Exercise: Reproduce the entire listing exactly as written, apart from its pictures.
══ Recorded information ══
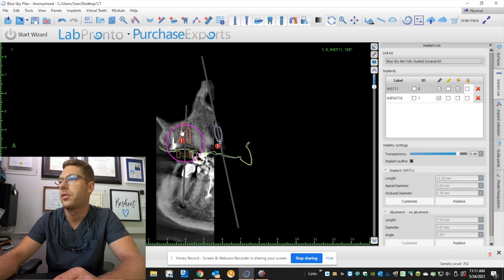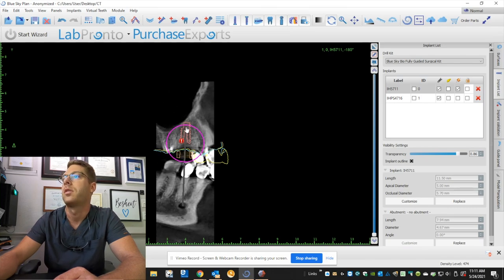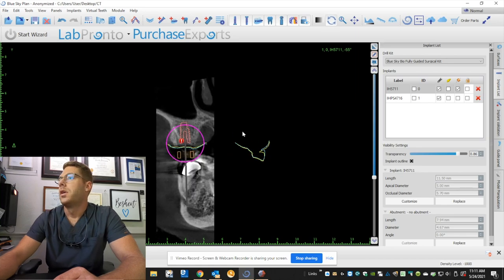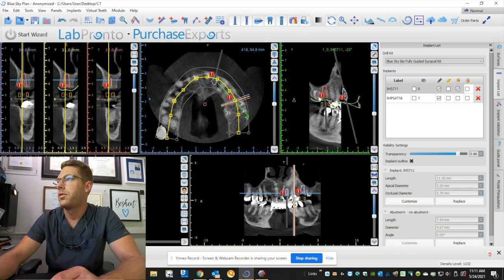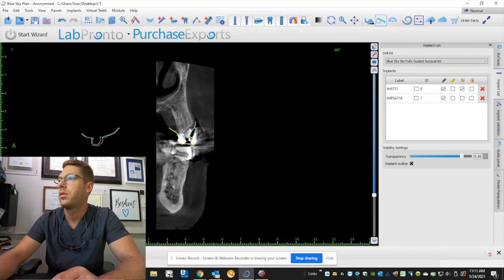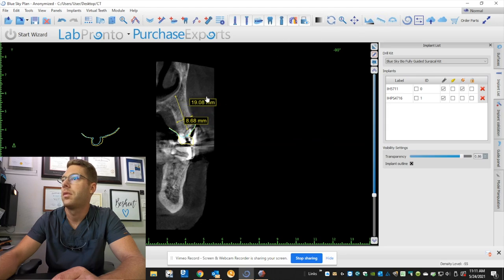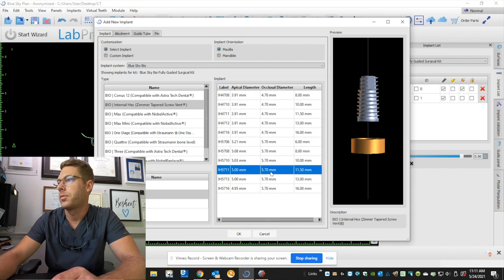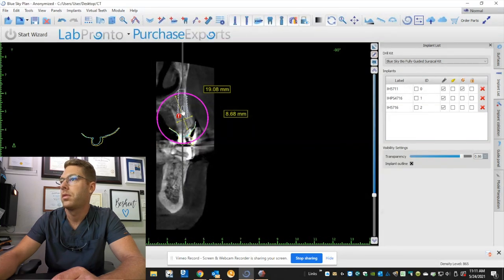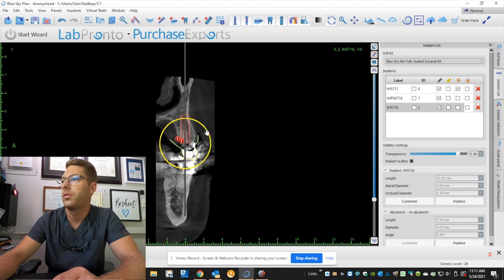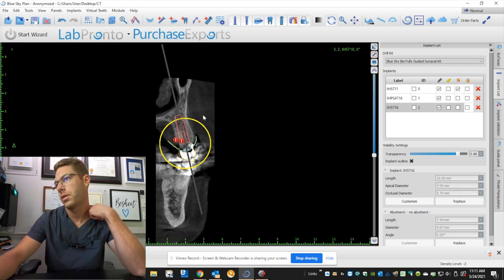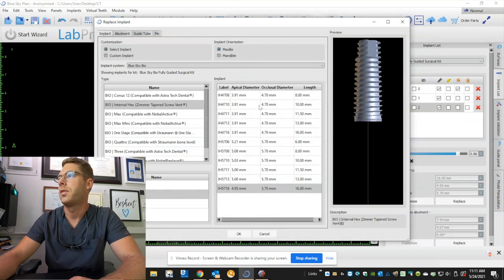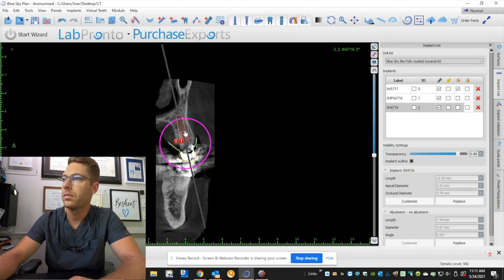And we're going to do one more implant immediate at 12 and 13. So let's measure how much bone we have here. We have plenty of width and plenty of depth. Okay, so let's place an implant. Let's do a six by 16. Okay, that's going to be too wide. I'm going to switch that to a 4.7. I like to have at least two millimeters between the bone here and the bone here. So let's go to a 4.7 by 16. There we go.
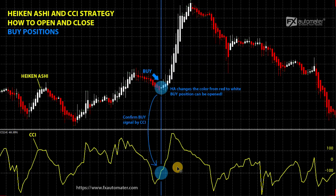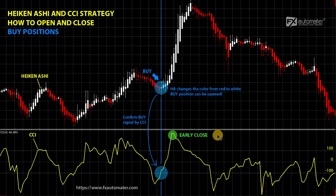If there is no confirmation, we simply skip and do not open a position — we are waiting for another opportunity. We explained how to open buy positions by looking at Heiken Ashi and CCI. But when to close these buy positions? We have three closing options. First, early closing by CCI. Look at the early close in the video. When the CCI value is above 100 and there is a reversal of the value forming a triangle, we can close the position early and take the profit.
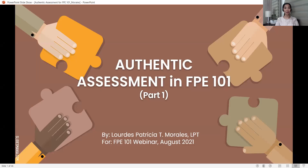Greetings of peace. I am Lourdes Patricia Tolentino Morales, your resource speaker for this talk. I am a licensed professional teacher and currently a school administrator in a private basic education institution here in General Santos City. Welcome to Authentic Assessment in Fundamentals of Peace Education 101 for Mindanao State University in General Santos City.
═══
The completed task:
And we're going to do one more implant immediate at 12 and 13. So let's measure how much bone we have here. We have plenty of width and plenty of depth. Okay, so let's place an implant. Let's do a six by 16. Okay, that's going to be too wide. I'm going to switch that to a 4.7. I like to have at least two millimeters between the bone here and the bone here. So let's go to a 4.7 by 16. There we go.
If there is no confirmation, we simply skip and do not open a position — we are waiting for another opportunity. We explained how to open buy positions by looking at Heiken Ashi and CCI. But when to close these buy positions? We have three closing options. First, early closing by CCI. Look at the early close in the video. When the CCI value is above 100 and there is a reversal of the value forming a triangle, we can close the position early and take the profit.
Greetings of peace. I am Lourdes Patricia Tolentino Morales, your resource speaker for this talk. I am a licensed professional teacher and currently a school administrator in a private basic education institution here in General Santos City. Welcome to Authentic Assessment in Fundamentals of Peace Education 101 for Mindanao State University in General Santos City.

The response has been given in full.